On Saturday the funeral of one of my former students, a loving, caring and sensitive young woman, was held, and on Sunday after Mass, I met another former student who is struggling with the grief, anger, fear and love she feels as she walks the path of helping her friend as he fights to rehabilitate after an overdose.

Addiction is rampant in our culture. It affects all of us as it works its insidious tentacles into the corners of our lives. We read of its killing statistics in the news. We embrace the use of Narcan to help those victims who are in its throes. We look to law enforcement officers who tirelessly fight drug sales and drug dealers. We cry out for more rehabilitation services and drug awareness education for our children. Finally, we all secretly hope that this epidemic doesn't take one near and dear to us -- but it so easily can.

I have had the privilege of teaching young people for almost four decades. I have witnessed their passion, their quest for knowledge, their inherent kindness and goodness and their struggle to find a place for themselves in this ever-changing world. Moreover, I have also witnessed how the level of their anxiety has increased over time. Our fast-paced world with its technology, its materialism, its expectations to "Do It All," "Be the Best," "Have It All" has created an environment where what is is not enough, where people look outside rather than within to solve problems, where there is little time for self-reflection but a constant drive to go, go, go.

The perfect storm of the factors of a culture of drug availability, a culture of covering up instead of facing issues, a culture of quick fixes to problems, a culture that creates an excess amount of stress placed upon young people where the future is always the topic and the present is not addressed, and a culture where things, not people, are the focus, combine to lay the foundation for this horrific epidemic.

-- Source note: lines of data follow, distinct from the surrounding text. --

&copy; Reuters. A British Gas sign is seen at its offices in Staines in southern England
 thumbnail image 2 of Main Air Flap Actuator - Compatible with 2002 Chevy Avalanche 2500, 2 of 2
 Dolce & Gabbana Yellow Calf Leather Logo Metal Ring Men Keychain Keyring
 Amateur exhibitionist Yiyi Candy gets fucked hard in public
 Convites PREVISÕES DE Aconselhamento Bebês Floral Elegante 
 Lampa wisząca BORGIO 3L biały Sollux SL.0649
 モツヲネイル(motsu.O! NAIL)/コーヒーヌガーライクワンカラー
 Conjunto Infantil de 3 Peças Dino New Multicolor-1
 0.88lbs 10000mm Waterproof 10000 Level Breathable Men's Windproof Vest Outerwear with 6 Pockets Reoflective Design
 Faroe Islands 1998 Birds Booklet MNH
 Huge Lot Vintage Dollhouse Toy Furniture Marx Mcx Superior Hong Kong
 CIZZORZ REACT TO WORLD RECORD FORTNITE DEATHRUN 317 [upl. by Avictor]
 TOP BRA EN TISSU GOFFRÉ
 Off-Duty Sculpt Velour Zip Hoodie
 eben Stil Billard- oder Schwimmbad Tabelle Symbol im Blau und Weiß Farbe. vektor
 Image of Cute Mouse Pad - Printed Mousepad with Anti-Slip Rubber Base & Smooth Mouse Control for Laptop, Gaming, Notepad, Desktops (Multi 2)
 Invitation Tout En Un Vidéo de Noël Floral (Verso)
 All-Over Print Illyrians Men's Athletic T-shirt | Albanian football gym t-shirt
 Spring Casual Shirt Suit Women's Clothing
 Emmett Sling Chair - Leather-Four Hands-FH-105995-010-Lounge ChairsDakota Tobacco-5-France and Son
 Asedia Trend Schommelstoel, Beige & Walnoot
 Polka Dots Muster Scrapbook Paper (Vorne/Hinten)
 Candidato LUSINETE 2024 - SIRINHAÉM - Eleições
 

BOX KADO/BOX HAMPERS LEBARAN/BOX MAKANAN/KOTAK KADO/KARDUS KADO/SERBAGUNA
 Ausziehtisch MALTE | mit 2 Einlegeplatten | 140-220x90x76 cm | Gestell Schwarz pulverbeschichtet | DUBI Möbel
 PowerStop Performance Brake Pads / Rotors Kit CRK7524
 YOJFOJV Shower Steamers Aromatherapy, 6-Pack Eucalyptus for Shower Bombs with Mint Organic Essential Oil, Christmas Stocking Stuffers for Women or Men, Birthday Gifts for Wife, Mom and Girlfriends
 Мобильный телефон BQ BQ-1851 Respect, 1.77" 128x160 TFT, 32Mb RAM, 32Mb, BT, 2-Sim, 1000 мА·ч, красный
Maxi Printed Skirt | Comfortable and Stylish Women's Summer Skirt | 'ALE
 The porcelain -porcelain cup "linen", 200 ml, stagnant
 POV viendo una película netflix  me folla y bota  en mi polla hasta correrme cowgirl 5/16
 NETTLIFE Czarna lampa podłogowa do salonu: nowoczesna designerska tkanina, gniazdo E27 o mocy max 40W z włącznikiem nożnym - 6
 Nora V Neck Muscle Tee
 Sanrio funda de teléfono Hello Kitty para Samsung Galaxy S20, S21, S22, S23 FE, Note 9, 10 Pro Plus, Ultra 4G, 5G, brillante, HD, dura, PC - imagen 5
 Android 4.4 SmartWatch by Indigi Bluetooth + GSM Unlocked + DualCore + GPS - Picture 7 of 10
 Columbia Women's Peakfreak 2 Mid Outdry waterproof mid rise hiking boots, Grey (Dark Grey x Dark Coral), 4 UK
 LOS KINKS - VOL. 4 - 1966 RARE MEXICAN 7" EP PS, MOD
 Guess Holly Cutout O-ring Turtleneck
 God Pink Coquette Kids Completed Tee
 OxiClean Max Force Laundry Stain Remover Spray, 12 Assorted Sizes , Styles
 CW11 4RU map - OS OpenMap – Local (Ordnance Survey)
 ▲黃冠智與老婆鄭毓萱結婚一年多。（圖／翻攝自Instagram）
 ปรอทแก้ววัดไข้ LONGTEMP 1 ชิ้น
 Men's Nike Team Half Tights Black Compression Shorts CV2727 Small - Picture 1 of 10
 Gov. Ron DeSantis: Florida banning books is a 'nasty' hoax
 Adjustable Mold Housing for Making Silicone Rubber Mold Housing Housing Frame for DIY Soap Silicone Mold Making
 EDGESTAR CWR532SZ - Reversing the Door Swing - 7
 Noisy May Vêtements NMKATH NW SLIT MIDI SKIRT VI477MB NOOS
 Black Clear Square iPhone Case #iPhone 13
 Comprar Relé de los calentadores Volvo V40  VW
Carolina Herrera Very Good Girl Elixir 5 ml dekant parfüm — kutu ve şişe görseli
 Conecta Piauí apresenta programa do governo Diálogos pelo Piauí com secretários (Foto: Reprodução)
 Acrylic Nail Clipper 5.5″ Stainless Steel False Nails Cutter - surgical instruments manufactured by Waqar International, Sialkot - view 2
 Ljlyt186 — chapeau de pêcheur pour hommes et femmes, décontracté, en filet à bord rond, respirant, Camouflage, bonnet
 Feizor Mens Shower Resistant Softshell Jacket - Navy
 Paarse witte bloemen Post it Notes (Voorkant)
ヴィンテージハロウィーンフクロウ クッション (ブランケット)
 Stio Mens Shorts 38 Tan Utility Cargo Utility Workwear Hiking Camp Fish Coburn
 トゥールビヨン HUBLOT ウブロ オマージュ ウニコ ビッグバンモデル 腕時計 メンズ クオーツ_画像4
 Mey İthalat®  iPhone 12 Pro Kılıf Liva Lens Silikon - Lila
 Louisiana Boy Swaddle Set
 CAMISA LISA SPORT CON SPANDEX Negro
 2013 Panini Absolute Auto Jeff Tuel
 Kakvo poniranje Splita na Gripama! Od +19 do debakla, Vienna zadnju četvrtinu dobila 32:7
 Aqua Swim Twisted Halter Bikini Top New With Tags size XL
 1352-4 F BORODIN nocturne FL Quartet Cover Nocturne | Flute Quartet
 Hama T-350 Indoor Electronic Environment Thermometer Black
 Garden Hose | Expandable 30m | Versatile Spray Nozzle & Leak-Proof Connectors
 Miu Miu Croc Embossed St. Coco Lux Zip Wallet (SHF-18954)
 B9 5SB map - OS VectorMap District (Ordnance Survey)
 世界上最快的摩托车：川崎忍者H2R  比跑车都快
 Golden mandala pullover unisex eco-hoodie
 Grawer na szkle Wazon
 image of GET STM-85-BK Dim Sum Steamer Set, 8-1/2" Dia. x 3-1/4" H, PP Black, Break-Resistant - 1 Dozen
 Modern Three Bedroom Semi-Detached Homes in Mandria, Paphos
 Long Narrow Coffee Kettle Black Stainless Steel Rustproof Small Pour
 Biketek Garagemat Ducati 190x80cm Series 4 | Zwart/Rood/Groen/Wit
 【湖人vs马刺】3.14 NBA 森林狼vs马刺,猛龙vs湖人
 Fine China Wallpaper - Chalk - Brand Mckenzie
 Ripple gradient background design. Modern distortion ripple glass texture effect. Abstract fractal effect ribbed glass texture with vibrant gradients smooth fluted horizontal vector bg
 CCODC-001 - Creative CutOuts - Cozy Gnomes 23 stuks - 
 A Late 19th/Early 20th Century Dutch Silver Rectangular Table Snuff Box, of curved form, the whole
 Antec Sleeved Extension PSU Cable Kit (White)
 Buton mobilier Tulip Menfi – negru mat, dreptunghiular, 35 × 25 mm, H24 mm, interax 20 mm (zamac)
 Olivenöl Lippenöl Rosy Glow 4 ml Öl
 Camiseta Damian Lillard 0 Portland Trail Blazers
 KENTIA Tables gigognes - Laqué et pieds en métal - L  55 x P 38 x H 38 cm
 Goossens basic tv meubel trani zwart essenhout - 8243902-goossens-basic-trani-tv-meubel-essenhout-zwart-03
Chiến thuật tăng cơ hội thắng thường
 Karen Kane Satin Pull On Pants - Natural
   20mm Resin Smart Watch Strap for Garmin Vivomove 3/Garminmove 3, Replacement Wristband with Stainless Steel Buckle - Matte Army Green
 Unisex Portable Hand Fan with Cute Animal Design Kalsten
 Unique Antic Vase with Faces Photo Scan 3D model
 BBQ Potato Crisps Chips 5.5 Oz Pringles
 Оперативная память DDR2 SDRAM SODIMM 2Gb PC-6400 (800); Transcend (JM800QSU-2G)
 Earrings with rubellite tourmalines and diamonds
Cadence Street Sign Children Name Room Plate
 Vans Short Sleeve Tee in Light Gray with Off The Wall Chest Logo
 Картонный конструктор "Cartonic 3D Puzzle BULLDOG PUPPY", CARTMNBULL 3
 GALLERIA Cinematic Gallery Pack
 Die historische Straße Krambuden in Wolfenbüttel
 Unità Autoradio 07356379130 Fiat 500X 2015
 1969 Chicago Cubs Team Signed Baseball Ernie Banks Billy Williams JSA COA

This storm has taken years -- decades even -- to develop and will take an enormous amount of time and effort to resolve itself. However, it must be stopped. There needs to be a multi-pronged approach to deal with each of the components that make up this disaster. But first, we must be honest enough to look at the issue -- to talk openly and honestly about its existence and to examine the elements within our culture that have created it so that we can come together to eradicate the needless loss of those whose lives we treasure.